1. Assess and Intervene on Day 1  

 Don’t let the first week of school end without knowing the reading level of every student in your school.  If you have a 9th grader reading on a 5th grade level, you don’t need to wait until that student has half a dozen course failures to intervene.  If they need a double or triple literacy block, then that’s what they need.  And in many schools where I work, this is not about literature - it’s about learning to read and write.  Saying that “they should have had it earlier” is an unproductive waste of air.  If you knew that the child was sick, you’d intervene, and there is plentiful evidence that concludes that literacy is a health and safety issue.  These “Day 1 Assessments” should also include math.  Before I worked on this article, I looked at a data set that revealed that more than 80% of middle and high school students received D’s or F’s in math at the end of the last school year.  I doubt those were a surprise to teachers or administrators.  With Day 1 Assessment and Intervention, many of those failures could have been prevented.

2. Incorporate Nonfiction Writing into Every Class, Every Grade  

The evidence on the power of writing - and particularly writing to describe, compare, and persuade - is compelling.  It helps students in every subject - math, science, social studies and most importantly in reading comprehension.  The time allocated to writing in the typical English Language Arts block is not enough.  Students should be writing in every subject - at least once per month in every grade.  When this happens, achievement soars not only in writing, but in every other subject.  Writing, King said, is “thinking through the end of a pen,” and we are all teachers of thinking.

 3. Radically Change Meetings

 The only purposes for meetings, from cabinet to grade-level, are inquiry and deliberation.  Making oral announcements in staff meetings is primitive.  These are valuable hours that can be used to energize and enlighten our colleagues, but too often meetings are boring, demoralizing, and disengaging.  Think of your next meeting this way:  How would an observer evaluate it if they thought it was a classroom?  That observer would expect engagement, lots of dialog and small group discussion, and clear evidence that learning was taking place.  How would your staff meeting stack up to that standard of evaluation?

4. Walk a Marathon in the Shoes of Teachers

I know a superintendent who puts himself on the substitute teacher list 20 times a year so that he really understands classrooms from the teacher’s perspective.  Some of the best professional learning experiences are when teachers have the opportunity to observe deeply their colleagues in action.  When administrators take over the class for a full period so that the regular teacher can observe a colleague, it shows how much the administrator values professional learning and also that leaders empathize completely with their teaching colleagues. 

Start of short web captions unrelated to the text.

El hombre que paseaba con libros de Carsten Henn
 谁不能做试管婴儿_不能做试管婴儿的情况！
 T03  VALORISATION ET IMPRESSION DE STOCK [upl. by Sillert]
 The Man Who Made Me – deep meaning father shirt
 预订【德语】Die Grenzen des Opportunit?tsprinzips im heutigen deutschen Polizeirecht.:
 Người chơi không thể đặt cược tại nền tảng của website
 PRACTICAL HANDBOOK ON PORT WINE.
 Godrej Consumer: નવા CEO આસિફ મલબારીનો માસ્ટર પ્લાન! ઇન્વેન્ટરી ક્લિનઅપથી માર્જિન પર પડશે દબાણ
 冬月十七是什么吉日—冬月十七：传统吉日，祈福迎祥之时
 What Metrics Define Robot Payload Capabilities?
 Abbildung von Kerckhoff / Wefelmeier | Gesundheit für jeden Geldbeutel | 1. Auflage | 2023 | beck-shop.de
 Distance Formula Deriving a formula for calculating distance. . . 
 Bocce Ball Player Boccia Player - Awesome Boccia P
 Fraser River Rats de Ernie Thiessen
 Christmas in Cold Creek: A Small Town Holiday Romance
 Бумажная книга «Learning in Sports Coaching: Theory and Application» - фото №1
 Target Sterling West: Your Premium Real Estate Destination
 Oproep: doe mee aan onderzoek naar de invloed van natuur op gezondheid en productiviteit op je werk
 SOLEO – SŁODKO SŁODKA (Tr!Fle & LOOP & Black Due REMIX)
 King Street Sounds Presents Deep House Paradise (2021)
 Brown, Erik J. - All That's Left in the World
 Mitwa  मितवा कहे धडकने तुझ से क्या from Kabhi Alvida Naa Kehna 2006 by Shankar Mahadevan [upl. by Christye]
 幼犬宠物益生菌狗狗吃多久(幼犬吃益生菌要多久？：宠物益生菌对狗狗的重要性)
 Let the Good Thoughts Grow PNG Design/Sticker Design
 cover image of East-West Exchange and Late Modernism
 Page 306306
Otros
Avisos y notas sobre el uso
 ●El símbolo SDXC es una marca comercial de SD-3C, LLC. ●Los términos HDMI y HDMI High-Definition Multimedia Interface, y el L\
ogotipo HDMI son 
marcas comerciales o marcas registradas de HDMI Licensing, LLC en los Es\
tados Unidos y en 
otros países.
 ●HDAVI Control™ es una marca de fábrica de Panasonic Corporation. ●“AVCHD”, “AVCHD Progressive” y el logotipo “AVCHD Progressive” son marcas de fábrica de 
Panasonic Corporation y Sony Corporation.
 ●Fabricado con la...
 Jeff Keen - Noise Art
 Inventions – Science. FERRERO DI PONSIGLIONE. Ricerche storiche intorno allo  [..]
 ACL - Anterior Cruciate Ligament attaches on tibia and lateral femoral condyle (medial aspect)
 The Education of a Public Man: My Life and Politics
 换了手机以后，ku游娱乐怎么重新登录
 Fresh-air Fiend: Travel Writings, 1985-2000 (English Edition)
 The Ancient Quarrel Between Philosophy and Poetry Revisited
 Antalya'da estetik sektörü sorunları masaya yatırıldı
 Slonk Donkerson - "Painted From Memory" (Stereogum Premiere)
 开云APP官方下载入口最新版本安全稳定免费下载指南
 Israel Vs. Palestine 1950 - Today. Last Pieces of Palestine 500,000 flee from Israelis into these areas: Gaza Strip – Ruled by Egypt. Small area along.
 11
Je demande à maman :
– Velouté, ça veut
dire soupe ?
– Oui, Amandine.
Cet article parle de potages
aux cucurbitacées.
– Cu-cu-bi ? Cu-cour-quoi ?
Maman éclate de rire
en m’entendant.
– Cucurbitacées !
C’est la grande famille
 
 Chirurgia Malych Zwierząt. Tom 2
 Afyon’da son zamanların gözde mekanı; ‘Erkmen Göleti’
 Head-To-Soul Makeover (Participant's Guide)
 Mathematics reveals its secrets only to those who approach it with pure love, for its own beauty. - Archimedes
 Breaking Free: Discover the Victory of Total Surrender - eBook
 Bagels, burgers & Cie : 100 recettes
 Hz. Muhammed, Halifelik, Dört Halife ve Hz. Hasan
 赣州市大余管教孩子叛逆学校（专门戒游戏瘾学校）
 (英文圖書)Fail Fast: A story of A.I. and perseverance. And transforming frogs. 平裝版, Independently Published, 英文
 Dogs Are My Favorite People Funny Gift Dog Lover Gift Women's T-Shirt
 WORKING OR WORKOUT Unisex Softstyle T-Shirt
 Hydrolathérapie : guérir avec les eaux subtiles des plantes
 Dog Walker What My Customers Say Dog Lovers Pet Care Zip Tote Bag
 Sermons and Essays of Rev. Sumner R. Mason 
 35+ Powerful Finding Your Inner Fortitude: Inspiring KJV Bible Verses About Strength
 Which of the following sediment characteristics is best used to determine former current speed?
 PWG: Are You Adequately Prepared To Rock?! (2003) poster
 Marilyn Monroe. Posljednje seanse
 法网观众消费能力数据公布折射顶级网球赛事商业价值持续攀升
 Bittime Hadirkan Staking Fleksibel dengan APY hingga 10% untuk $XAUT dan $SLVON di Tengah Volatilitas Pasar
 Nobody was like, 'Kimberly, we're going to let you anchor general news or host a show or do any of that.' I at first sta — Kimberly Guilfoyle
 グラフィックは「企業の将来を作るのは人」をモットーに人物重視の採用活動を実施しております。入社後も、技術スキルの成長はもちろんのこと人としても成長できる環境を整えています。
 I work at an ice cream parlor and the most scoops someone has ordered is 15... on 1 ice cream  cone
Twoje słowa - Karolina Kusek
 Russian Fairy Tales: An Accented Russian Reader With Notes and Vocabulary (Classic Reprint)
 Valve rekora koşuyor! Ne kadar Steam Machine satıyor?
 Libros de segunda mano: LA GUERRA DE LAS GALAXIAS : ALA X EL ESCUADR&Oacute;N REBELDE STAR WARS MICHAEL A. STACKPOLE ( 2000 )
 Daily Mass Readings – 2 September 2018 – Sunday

5. Connect With Families Now

Too often family connections occur only in contrived environments, like parent-teacher conferences, or after there is a problem, like behavior or attendance.  At the very least, we should reach out to the families of every single student who had a suspension, behavior problem, or failure last year, and make that first connection a positive one.  These students can improve, but they need a plan, such as daily check-ins with a caring adult and a life-line of support before behavior problems, truancy, or failures occur.

We can’t continue to do the same things in curriculum, meetings, and behavioral interventions and expect different results.  If you want this year to be really different, then let’s change our actions, starting on Day 1.